Exercise details: The copy must hold every line from the one with "Technology, Knowledge, Student" through the end of the listing, word for word, and must hold no pictures.

___ Input data

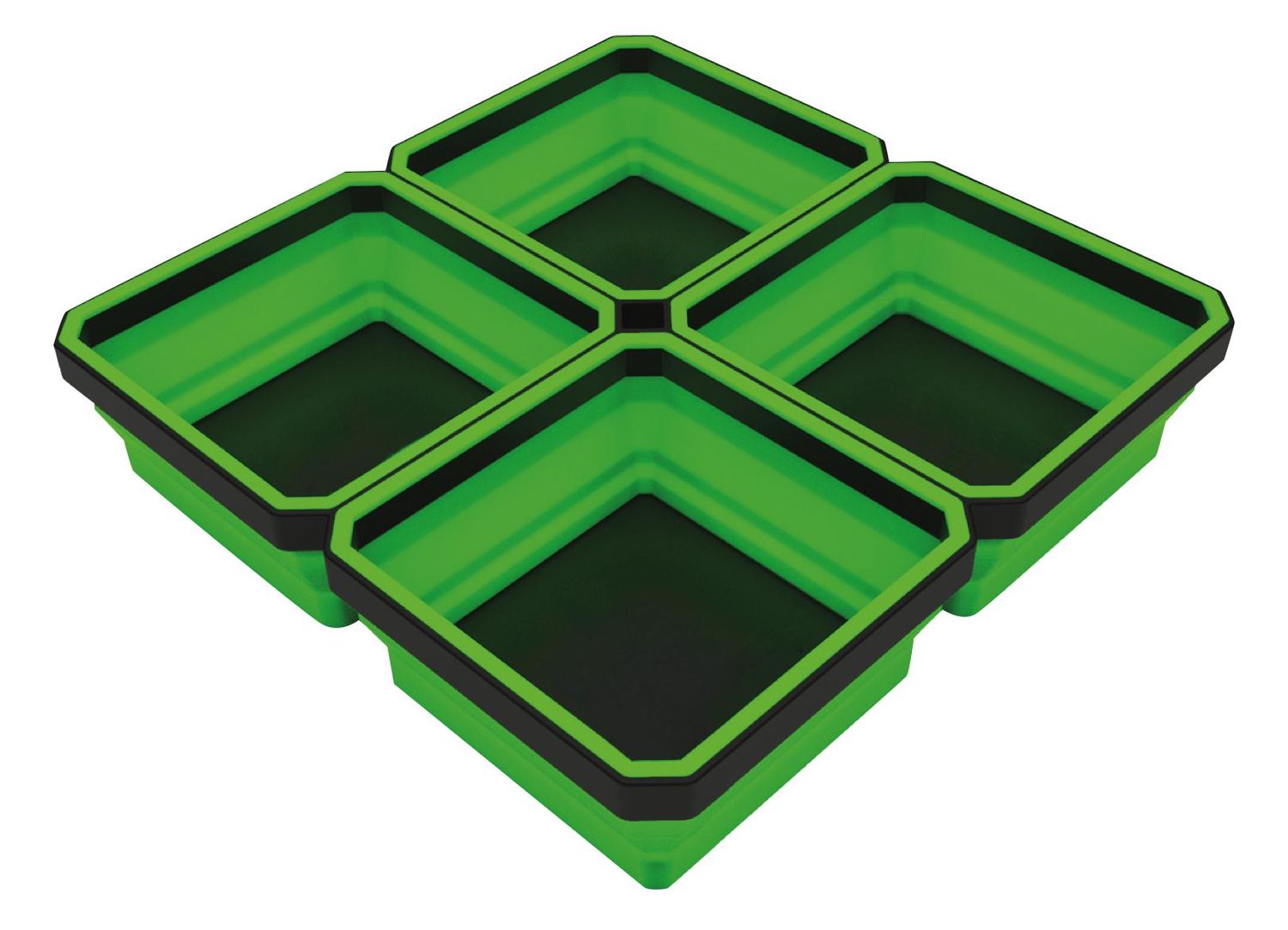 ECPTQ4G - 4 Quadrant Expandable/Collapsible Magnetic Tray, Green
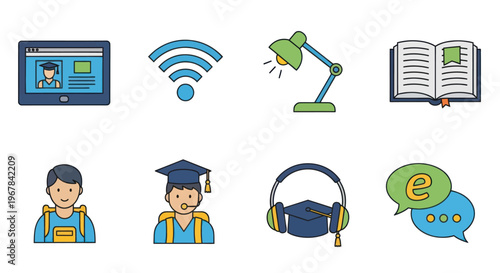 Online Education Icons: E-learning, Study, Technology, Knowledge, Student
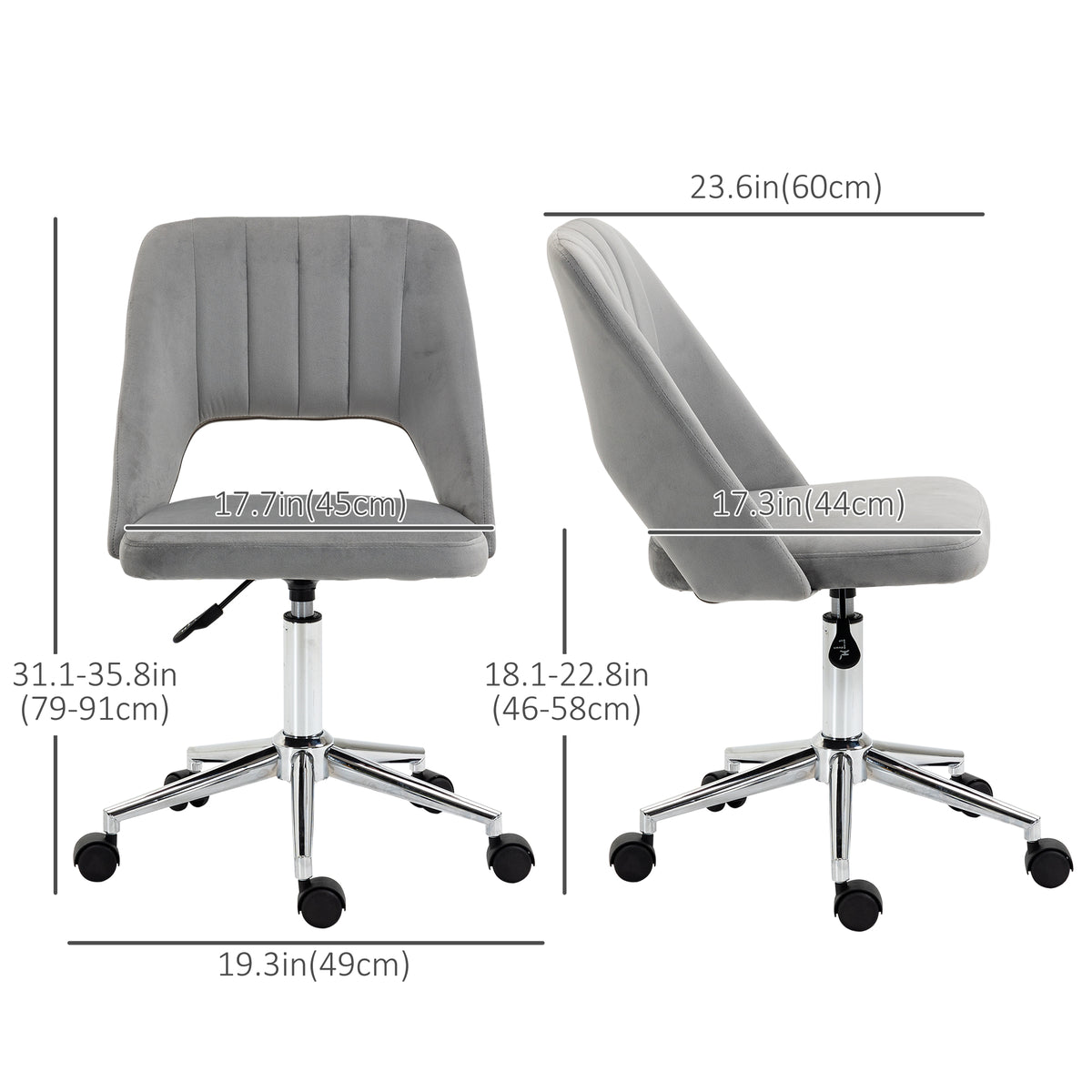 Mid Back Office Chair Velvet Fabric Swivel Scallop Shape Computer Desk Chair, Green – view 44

______

Exercise output:
 Online Education Icons: E-learning, Study, Technology, Knowledge, Student
 Mid Back Office Chair Velvet Fabric Swivel Scallop Shape Computer Desk Chair, Green – view 44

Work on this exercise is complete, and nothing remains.